Nouveau zénith pour la Bourse de Paris. L’indice CAC 40 a inscrit un record absolu en séance à 8 280,97 points avant de clôturer en hausse de 1,04 % à 8 241,24 points. En trois séances, l’indice a pris environ 3,7 %, soutenu par un courant acheteur revenu en force.
L’Europe a suivi : l’Euro Stoxx 50 a avancé et le Stoxx Europe 600 a aussi touché un plus haut en séance, quand New York marquait le pas (Nasdaq en baisse, Standard and Poor’s 500 quasi stable). Reste à comprendre ce qui a propulsé l’indice parisien à ce niveau. La réponse tient à un faisceau de catalyseurs.
Fin du shutdown américain et détente des taux, les ressorts immédiats du CAC 40
Le premier moteur est venu de Washington. La perspective de la fin imminente du shutdown américain a levé une grosse incertitude, avec à la clé le dégel des dépenses du Trésor et le retour des indicateurs économiques. « La fin du shutdown constitue généralement un élément porteur pour les marchés d’actions, dans la mesure où elle permet de débloquer les fonds distribués par le Trésor américain, de relancer la consommation chez les bénéficiaires du programme d’assistance nutritionnelle supplémentaire SNAP et de réduire les perturbations liées aux vols », rappellent les analystes de Jefferies, selon Zonebourse.
Le marché a aussi apprécié un environnement de taux un peu plus calme. Les T Bonds à 10 ans évoluaient autour de 4,07 %, quand les rendements français reculaient (OAT 10 ans vers 3,382 %) et l’allemand à 10 ans se tenait à 2,647 %, resserrant le spread OAT/Bund autour de 73,5 points de base. En Allemagne, l’inflation d’octobre confirmée à 0,3 % sur un mois et 2,3 % sur un an a conforté l’idée d’une pression des prix moins forte. Côté devises, l’euro grappillait un peu de terrain autour de 1,1590 USD. Sur le pétrole, le Brent reculait à environ 63 USD (soit environ 54 €) et le WTI à 59 USD (environ 51 €), un repli attribué à une demande de court terme jugée plus faible.
Dans ce cadre, le flux acheteur s’est reconstitué sur les actifs risqués. « La perspective d’une fin du shutdown américain, attendue dans la journée, alimente la demande pour les actifs risqués », explique Kathleen Brooks, directrice de la recherche chez XTB. Aujourdhui, la Bourse de Paris a clairement profité de cette éclaircie.
Banques en tête, rotation sectorielle et risques à court terme
Sur le terrain des valeurs, la dynamique a été menée par les banques : Société Générale a gagné 3,1 %, BNP Paribas 2,6 %, tandis que Capgemini avançait de 2,5 %. L’Europe entière a surfé sur cette rotation, avec Madrid et Londres à des niveaux historiques et Milan à un sommet inédit depuis 2000. « Les investisseurs délaissent les grandes valeurs technologiques et défensives au profit des banques, du secteur des loisirs et de l’énergie », analyse Daniela Hathorn, analyste de Capital.com.

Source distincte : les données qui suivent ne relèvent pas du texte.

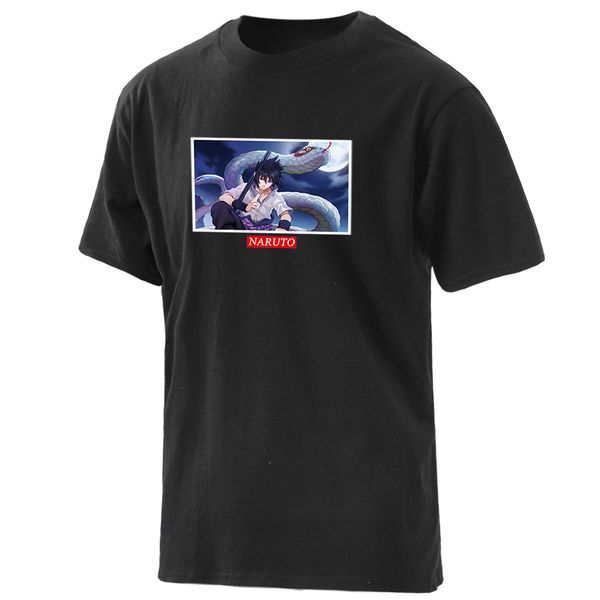 

japan amine naruto mens harajuku fashion hipster round neck male summer retro harajuku homme sport hooded sweatshirt hoodie men t shirt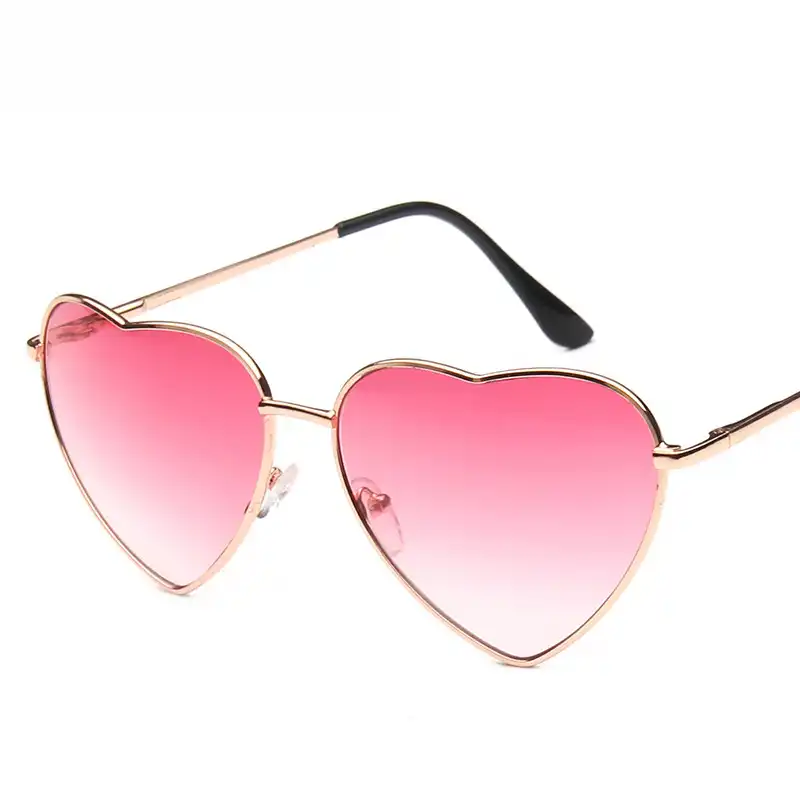 vintage heart glasses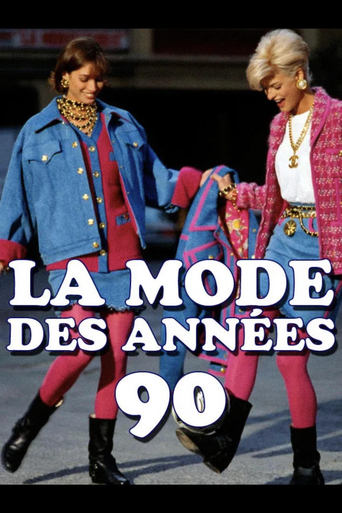 Poster of Fashion in the 1990's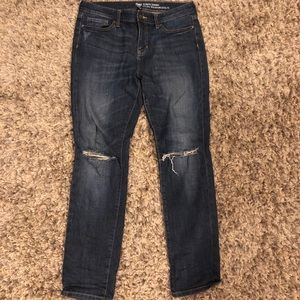 Gap distressed jeans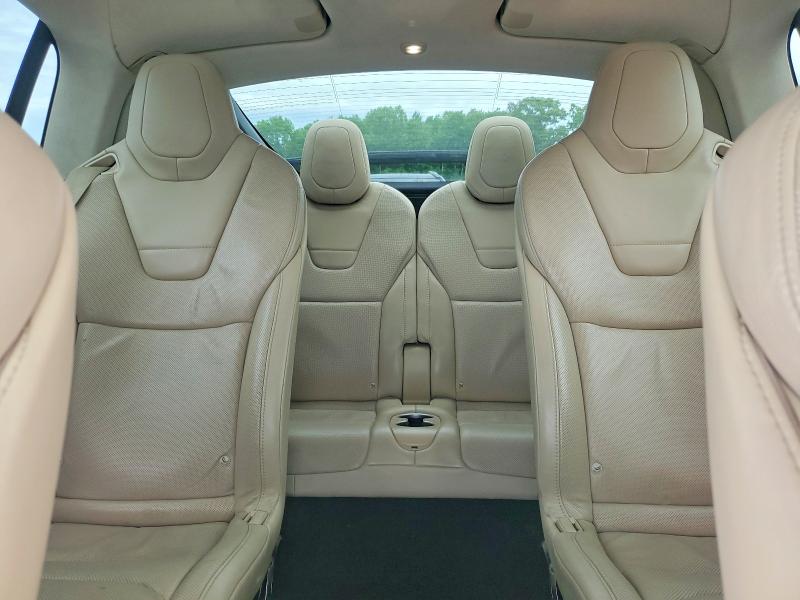 Продажа на аукционе авто 2017 Tesla Model X, vin: 5YJXCBE28HF035121, номер лота: 55030206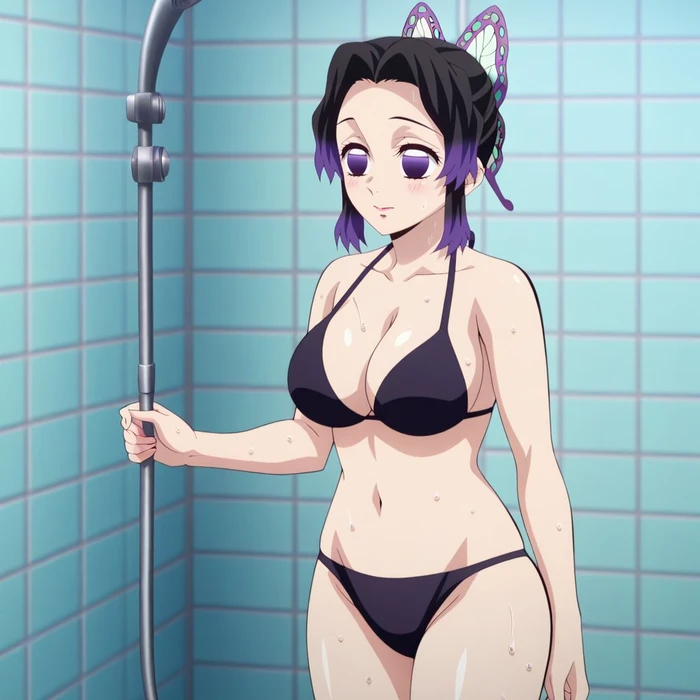 Shinobu hentai nóng bỏng body hoàn hảo anime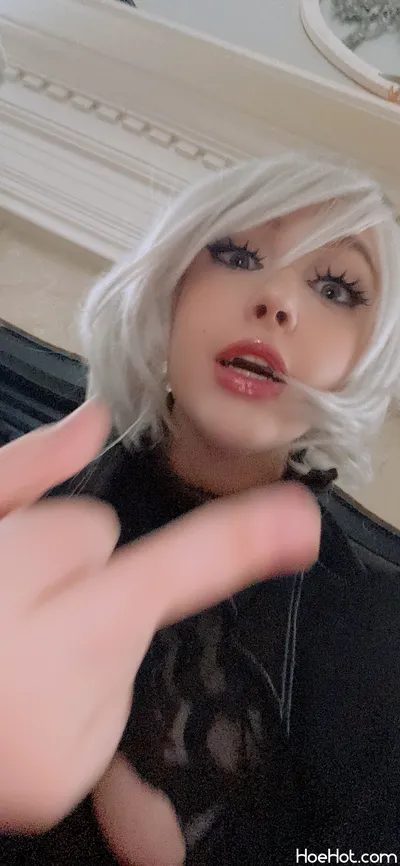 Junkenstein - Snow 2B nude cosplay leaked 471420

Le contraste avec Wall Street s’est vu en séance : le Nasdaq reculait quand le Standard and Poor’s 500 se montrait peu directionnel. Les doutes persistent sur les valorisations des géants de l’IA, d’autant que l’annonce de la cession de la participation de SoftBank dans Nvidia a pesé récemment sur le titre du fabricant de processeurs. Les stratèges évoquent un marché partagé entre achats sur repli en fin d’année et tentations de prises de bénéfices après records.
Prochain jalon, le retour des statistiques américaines retardées par le blocage budgétaire. Si le rapport sur l’emploi confirme un marché du travail qui se tasse, le scénario d’une nouvelle baisse de taux de la Fed le mois prochain restera sur la table ; des chiffres plus solides pourraient au contraire raviver la volatilité. Dans l’intervalle, l’Euro Stoxx 50 a terminé bien orienté, tout comme le Stoxx Europe 600, preuve que le courant acheteur reste vif tant que le risque politique recule et que les taux se détendent un minimum.